__How to complete this task__. Every line of the listing below should be written out exactly, minus its pictures.

__Dataset section__.
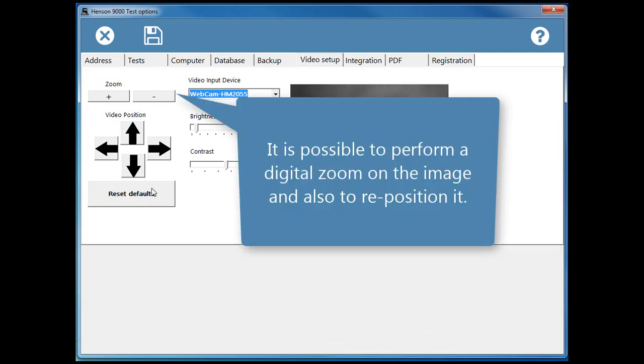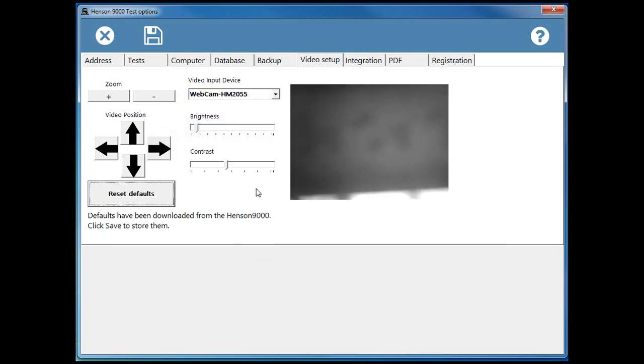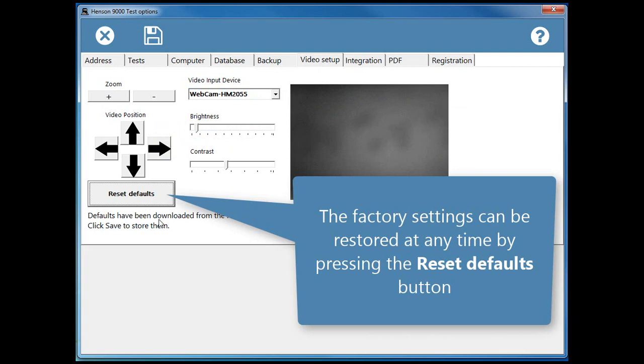It is possible to perform a digital zoom on the image and also to reposition it. The factory setting can be restored at any time by pressing the reset defaults button.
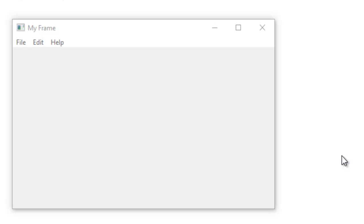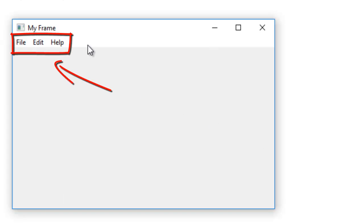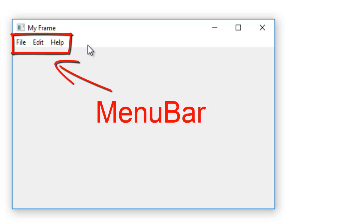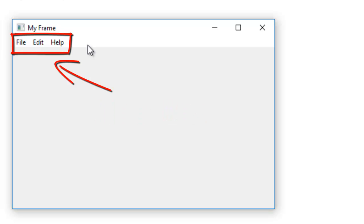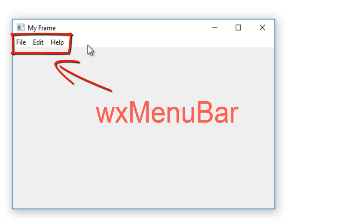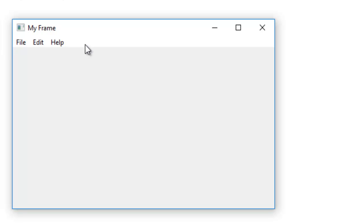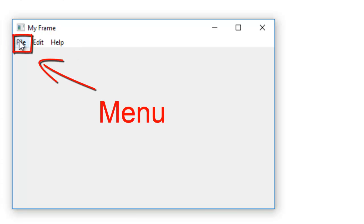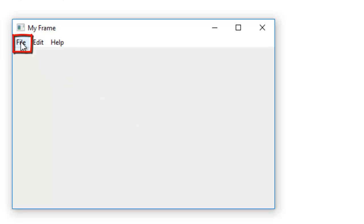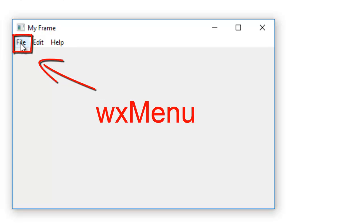The first element is this area here, and this is called a menu bar. The widget that you use in WX Python is a WX menu bar. Then we have a menu, which is also named or the name for that widget is a WX menu.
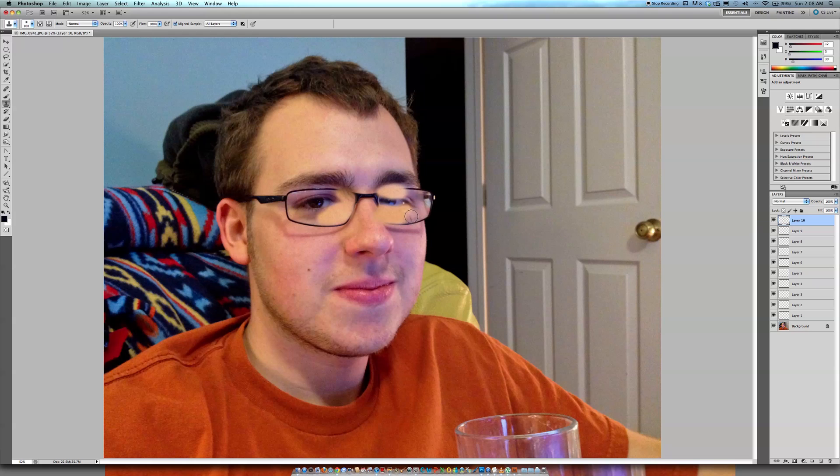And then, I mean, that's looking pretty good so far, but you're going to want to bring out some of the detail in his face. So just go back, bring in some of his eyes.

__Answer for the task__.
It is possible to perform a digital zoom on the image and also to reposition it. The factory setting can be restored at any time by pressing the reset defaults button.
The first element is this area here, and this is called a menu bar. The widget that you use in WX Python is a WX menu bar. Then we have a menu, which is also named or the name for that widget is a WX menu.
And then, I mean, that's looking pretty good so far, but you're going to want to bring out some of the detail in his face. So just go back, bring in some of his eyes.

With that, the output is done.